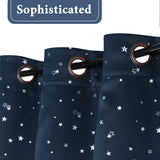 Blackout Thermal Insulated Curtain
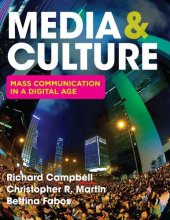 book Media & Culture: Mass Communication in a Digital Age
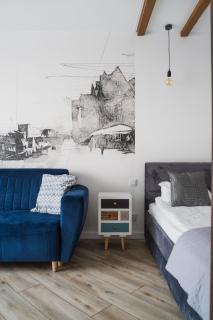 TOTU HOME Angielska Grobla Apartments Gdańsk Old Town - Danzig - 8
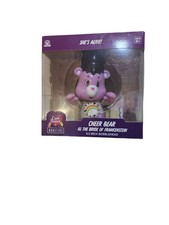 Care Bears x Monsters - Cheer Bear as Bride of Frankenstein NEW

Exercise brief:
Without including any pictures, reproduce the listing exactly.

Exercise output:
 Blackout Thermal Insulated Curtain
 book Media & Culture: Mass Communication in a Digital Age
 TOTU HOME Angielska Grobla Apartments Gdańsk Old Town - Danzig - 8
 Care Bears x Monsters - Cheer Bear as Bride of Frankenstein NEW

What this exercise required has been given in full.